People who turn to violence as a means to express their emotions and their pent up frustration typically have been shunned and rejected by others throughout their lives. Out of this isolation and profound sense of disconnection grows the kind of rage and violence that we increasingly see in America. In many situations the person does not yet have a mental health condition, but they need someone to connect with. The skills people learn in the eCPR process are designed to build stronger and more cohesive communities, in which diversity is accepted. eCPR teaches people not to judge or label emotional distress, but rather to see a human being coping as best they can based on their individual life experience. It gives people concrete skills for connecting with others, building healthy relationships based on heart-to-heart communication, and making sure that everyone knows they belong and have a place in the village.

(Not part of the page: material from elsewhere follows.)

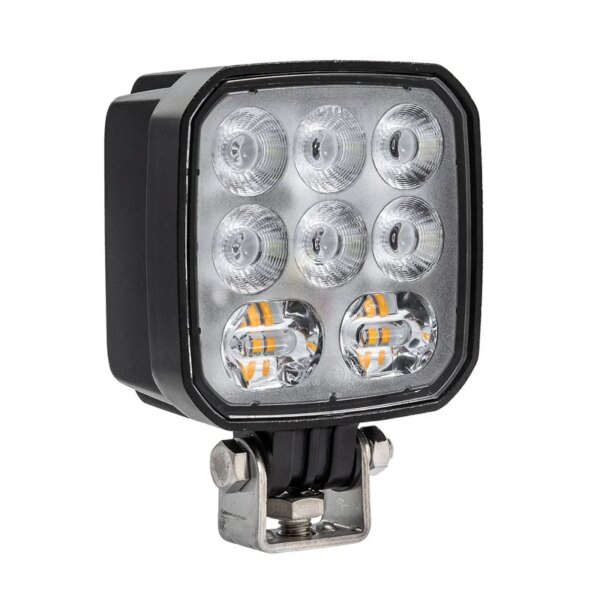 LED werklamp | R65 flitser | 2250 lumen | 9-36v | 4m. kabel | WFF-1822A--WFF-1822A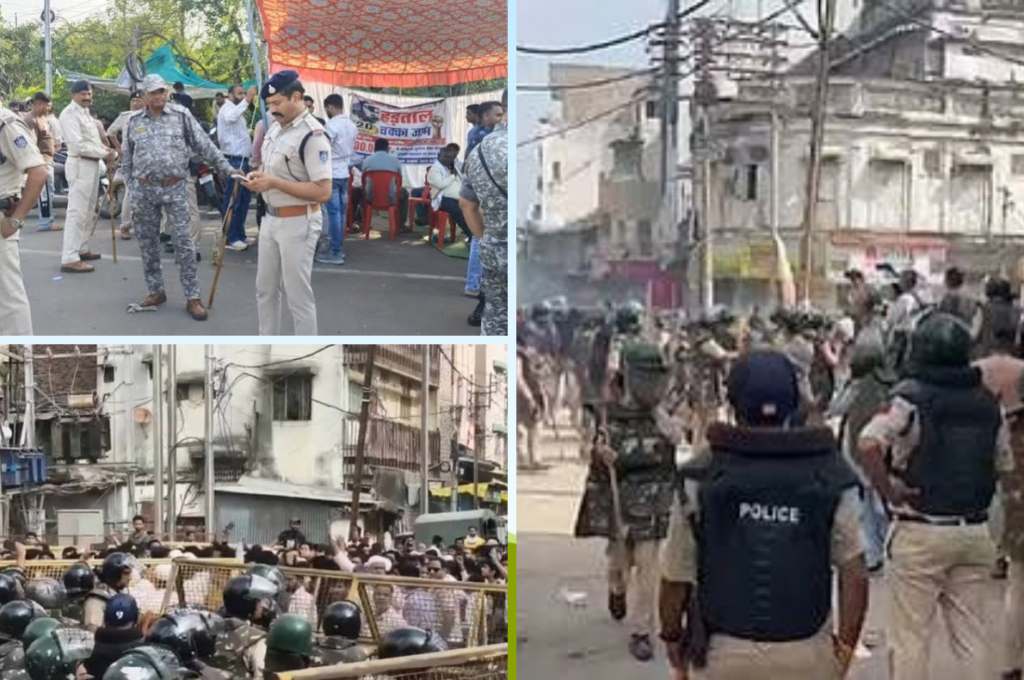 उज्जैन शाही मस्जिद विवाद: कार्रवाई जारी, पथराव के बाद हाई अलर्ट; अब प्रशासन के सामने शांति बनाए रखने की चुनौती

eCPR Builds Stronger Communities
It is our hope that eCPR can be applied more widely beyond a mental health context and that its concepts can be applied to community development. For example, if eCPR were taught in schools, it could provide a valuable process to enhance relational skills for teachers, parents, and students, and create a deeper sense of community. eCPR could also be used widely in faith-based settings — places to which many people in emotional distress turn first. Law enforcement personnel using eCPR would be less likely to resort to harmful or deadly force, thus decreasing the possibility of unintended tragedies.
Many of the participants in our trainings have pointed out that eCPR becomes a way of life. Although eCPR was originally designed to teach people how to assist others through an emotional crisis, it is apparent that the communication skills of connecting, empowering and revitalizing are valuable means of building cohesive groups and communities. Every contact with another person is an opportunity to deepen that relationship through greater understanding of each other. eCPR is reciprocal, as it is most helpful when based on mutuality. In the process of carrying out eCPR, both the participants are changed through an emotional and verbal dialogue. All these moments of sharing build resiliency in the relationship that then extends into building resiliency in the community. This in turn enables communities to more effectively collaborate, particularly in times of emergency. For example, on a block in a neighborhood, one of the authors has used eCPR principles to organize families to have open house dinners every 3 months for the last several years. As a result, when a snowstorm buried the city in snow, neighbors on the block more easily cooperated on shoveling, parking, and meals.
Our nation is in crisis. It is clear that we need a new way of being with and relating to one another. It is our hope that the movement of people with lived experience of mental health recovery can be the “wounded healers” that help our fractured society move to a place of greater wholeness, interconnectedness, and peace.